Fertility and Structural Change in Hungary
Abstract
Today it is a commonly accepted fact that besides fundamental economic and social transformations in the 1990s in Hungary, other, equally far-reaching changes occurred in several domains of life. The same applies to demographic processes, or more specifically to phenomena related to family formation as nuptiality or fertility rates. The present study reveals the findings of a research focusing on lesser known and rarely analysed social factors of childbearing. It is well established that fertility rates declined radically in Hungary between 1990 and 2000. It is also known that the phenomenon is not without European parallels and demographic research has revealed many of the factors behind (Lesthaeghe–Moors 2000; Kamarás 2001; Philipov–Kohler 2001). These efforts have been instrumental in demonstrating that the major factors explaining the decline are the increase in the typical childbearing age and, to a lower extent, the rising rate of extramarital fertility. Demographic literature talks about a change of patterns when documenting these processes.

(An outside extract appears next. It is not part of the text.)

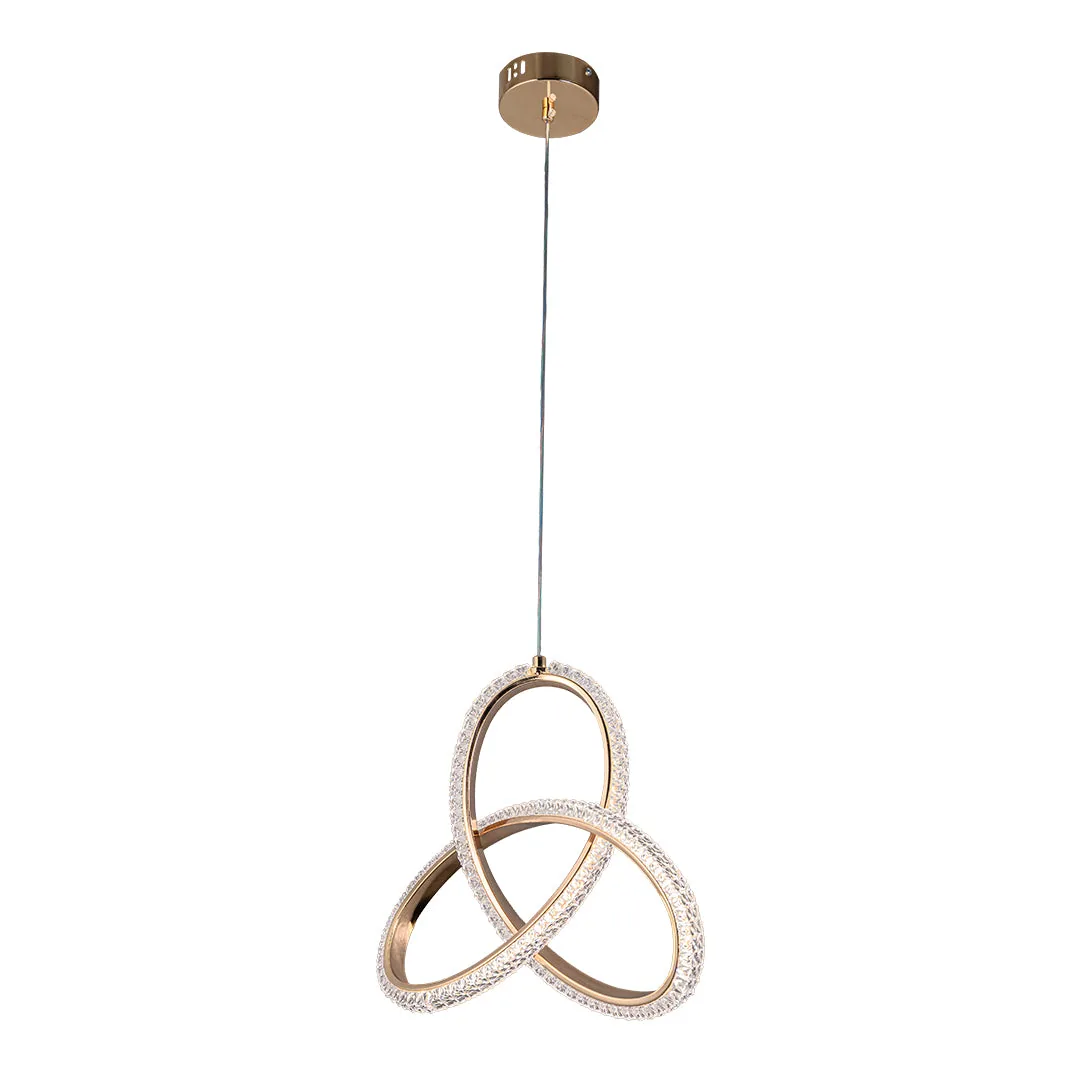 Golden Crystal Knot Pendant Light – 30W LED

Giving birth at a younger age, a practice prevalent in ex-Communist countries has been replaced by family formation in later age groups. But is this the whole story? Does this supposedly new mode of behaviour apply equally to all groups? Has the decline in fertility assumed the same pattern in all social strata, in the lower, middle and upper layers? Or are there certain traits that generate different patterns? These are some of the questions we would like to answer to in our study.